8.6.08

Bitácora: Para que me conozcas


De dónde sacaron eso de que ¿cómo? ¿que a mí me gustaban las manzanas? Seguramente sí. Tal vez del patético bolso roído de tu mago amigo, ese mago. Perdón, sí, ya sé. El bolso no tiene la culpa, pero veces lo viejo me da culpa. Miro el pantalón desgastado de un hombre y pienso en el campo seco, y en las vacas flacas y en su estómago cantándole a los muertos. Miro el bolso desgastado de una señora y me siento mal; el mío no me ha importado nunca, pero su pobreza me recorre los brazos porque los azota.

En San Telmo todo me dolía porque todo era viejo. La nostalgia a veces duele más que muchas cosas. Pero yo me acostumbré.

Primero, esquivaba ciertas calles, sobre todo las calles donde vendían antigüedades. La taza y el reloj, el payaso y la coca-cola de los años sesentas o cuarentas o qué se yo. Todo era igual de viejo ahí, pero era yo la que robaba tiempo.
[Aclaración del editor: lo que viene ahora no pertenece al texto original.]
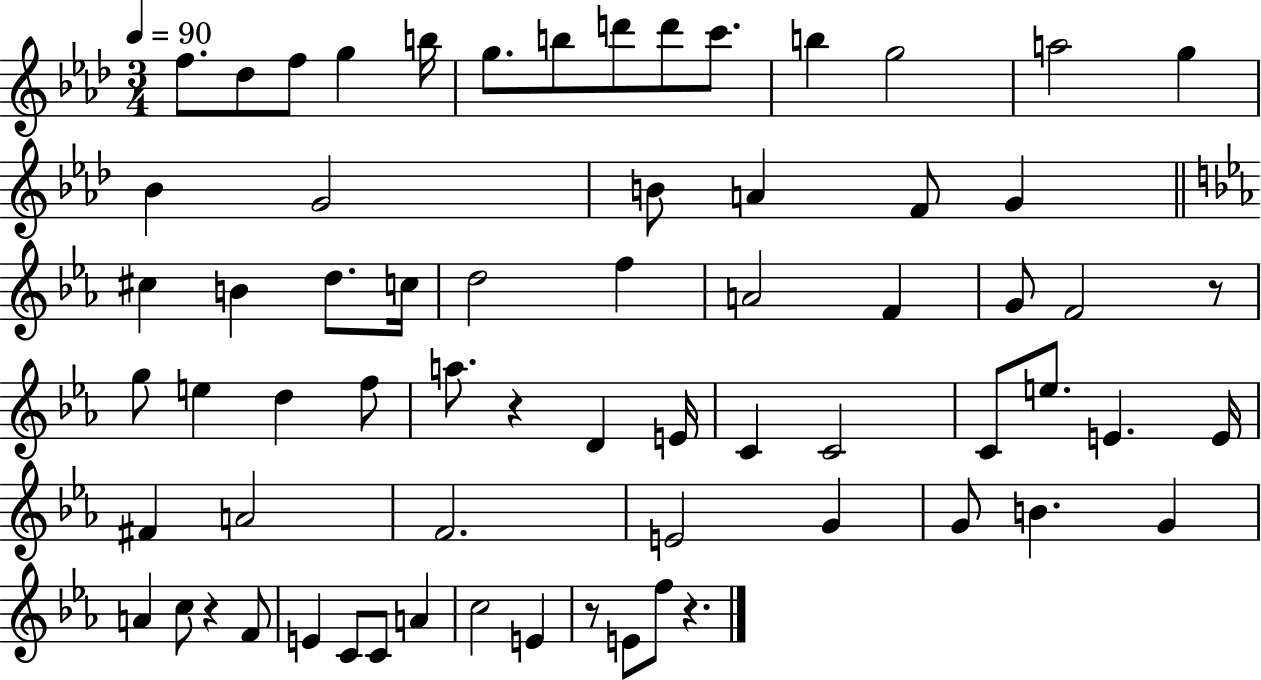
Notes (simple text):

F5/e. Db5/e F5/e G5/q B5/s G5/e. B5/e D6/e D6/e C6/e. B5/q G5/h A5/h G5/q Bb4/q G4/h B4/e A4/q F4/e G4/q C#5/q B4/q D5/e. C5/s D5/h F5/q A4/h F4/q G4/e F4/h R/e G5/e E5/q D5/q F5/e A5/e. R/q D4/q E4/s C4/q C4/h C4/e E5/e. E4/q. E4/s F#4/q A4/h F4/h. E4/h G4/q G4/e B4/q. G4/q A4/q C5/e R/q F4/e E4/q C4/e C4/e A4/q C5/h E4/q R/e E4/e F5/e R/q.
El lado izquierdo, el lado invadido. Fachadas nuevas, remodeladas, y de alguna forma, extranjerizadas. Evidentemente, por ahí yo, siempre. Il forno de San Telmo, ahí yo, ahí mis desayunos y mis tardes. Y el lado izquierdo… demasiada tradición para alguien que ni siquiera supo mamar nunca nada; nada de su mariachi, de su tequila, de su chile… mira que puedo ser vulgar.

Uno se acostumbra a todo mientras se pierde en la mancha, aun con la certeza de que no se puede encajar del todo, con todo y la buena voluntad. Eso no se puede. Yo por eso nunca pude acariciar al perro tuerto -el de la cantina vieja con los dueños viejos, las pizzas deliciosas y el güisqui baratísimo-. Por eso pagaba el doble por el viaje en taxi, por la vista y por el mate. Lo justo. Eso sí, jamás me cobraron los abrazos y mira que Buenos Aires sí me quiso, aunque nunca me gustaron sus manzanas.